Così gli avvocati Michele Laforgia e Francesco Auletta, difensori di Nicola Marraudino, il primario di Cardiochirurgia del San Carlo arrestato assieme ad altri due medici per il decesso di Elisa Presta, avvenuto il 28 maggio 2013.
Secondo la difesa, Marraudino ha fatto «tutto il possibile per ben sette ore al solo scopo di salvare la vita della paziente dopo la grave complicanza verificatasi prima del suo arrivo in sala operatoria». Marraudino dopo «avere subito – aggiungono i suoi legali – un linciaggio mediatico senza precedenti nei mesi scorsi, si trova attualmente agli arresti domiciliari con il divieto di comunicare con l’esterno. Non può, pertanto, replicare in prima persona alle numerose inesattezze pubblicate in occasione del suo arresto, peraltro adottato dall’autorità giudiziaria senza aver mai acquisito la sua versione dei fatti».

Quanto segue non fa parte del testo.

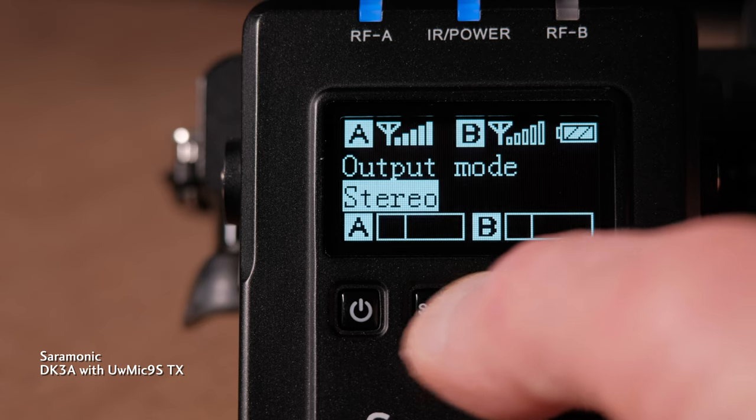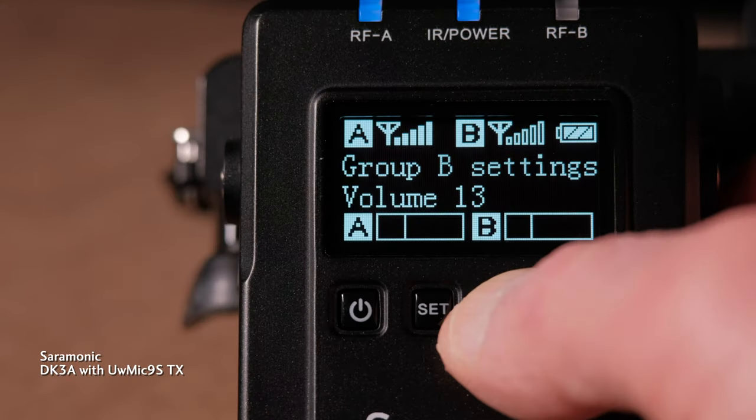The receiver can output mono or stereo. In mono, both mics go to both outputs. In stereo, they're independent. Stereo separation is excellent. However, the receiver's local input goes to both channels. On the receiver, each channel has volume controls to balance the two for the mono mix. There's no level for the headphone output, and headphones are the one accessory not included in this kit. I prefer to output and record channels independently in the mixer to balance while editing — yes, that requires synchronizing in post, but if you haven't done it, it's easier than you think.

In attesa dell’interrogatorio di garanzia «dobbiamo precisare, a fronte delle dichiarazioni rese dal Commissario del San Carlo, che il nostro assistito non ha ricevuto alcuna richiesta di dimissioni e che, oltre alla pressante richiesta di “non mollare” espressa da tutto il personale della Cardiochirurgia, da gran parte dei colleghi e da numerosi pazienti, proprio il suo senso di responsabilità lo ha indotto a restare al suo posto in attesa degli accertamenti delle autorità competenti. Senso di responsabilità che lo aveva spinto a fare tutto il possibile per salvare la vita della paziente dopo la grave complicanza verificatasi prima del suo arrivo in sala operatoria».
«Non possiamo non sottolineare – concludono – che l’adozione di una misura restrittiva della libertà personale per reati inerenti l’attività medico-chirurgica, oltre a essere sproporzionata alle accuse, costituisce un pericoloso precedente per tutti gli operatori sanitari italiani».